= Sinden Theatre =

The Sinden Theatre is located within the grounds of Homewood School in the heart of the Weald in Tenterden, Kent, England. It was opened in 2004 and is named after its patron, the actor and former local resident, the late Sir Donald Sinden CBE.

The theatre was converted from an existing school hall at the time when Homewood was granted Arts College status in 2003 which enabled funding for conversion to a 231-seat theatrical venue to be carried out.

The theatre is used for the school's own productions, local amateur dramatic groups and also as a commercial theatre hosting visiting performers.

The theatre also allows various charities to hold fund-raising events on a no-fee basis.

The school can provide restaurant facilities in the theatre to serve meals and drinks at some productions.

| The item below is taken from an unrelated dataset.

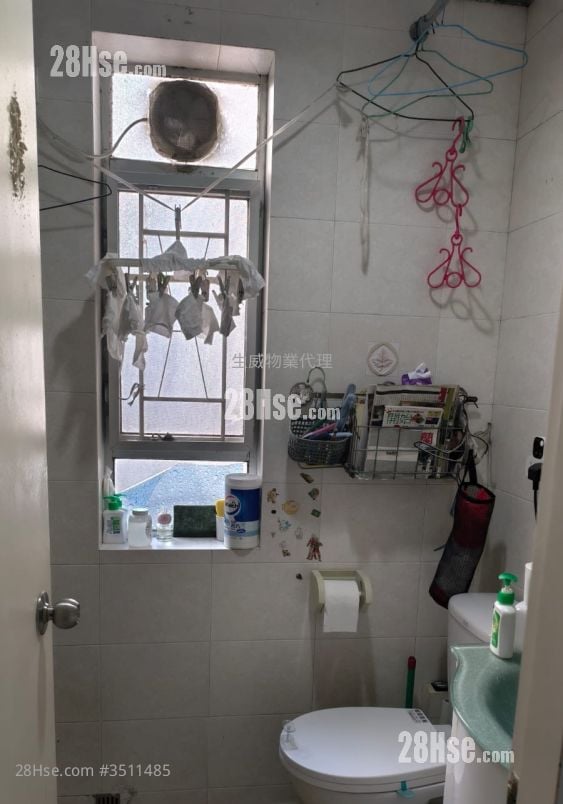 富安花园 售盘 3 房 , 1 浴室 592 平方尺 富安花园 售盘 3 房 , 1 浴室 592 平方尺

== Technical Specifications ==
Source:

The theatre has a 290-seat maximum, with 210 of them available on retractable tiered seating. It also has a Sennheiser infra-red audio induction loop system available for audience members. There's also multiple control boxes with tie lines for several lighting, video, and projection systems as well as a lectern with a microphone, LED lamp, and laptop connections.

=== Stage ===
The Sinden Theatre's stage is a standard black box configuration with a width of 12.2 meters (40.02 feet), a depth of 8.5 meters (27.88 feet), and a proscenium arch opening of 7.16 meters wide (23.49 feet) by 3.88 meters high (12.72 feet). The thrust extends off the stage another 3 meters (9.84 feet). There is also a 4-meter (13.12 feet) projection screen that can be utilized.

=== Lighting ===
The theatre has a pre-wired grid across the entire ceiling to allow for flexibility in lighting. Their system can handle up to 48 DMX channels, 35 for the pre-wired grid and 1 for the house lights. The theatre also has an Atari Haze machine, smoke machine, Low Fogger, as well as a motorized disco ball.

=== Sound ===
The Sinden Theatre is equipped with six speakers and a Trantec S5.3 Radio Microphone system. They have a variety of sound equipment for renters to use, including a MiniMac with QLAB, CD, minidisc, and cassette play-in sources as well as a PC available for sound and FX usage. There are also a few extra microphones to use and a microphone above the stage that feeds both the induction-loop system and relays audio to the dressing rooms.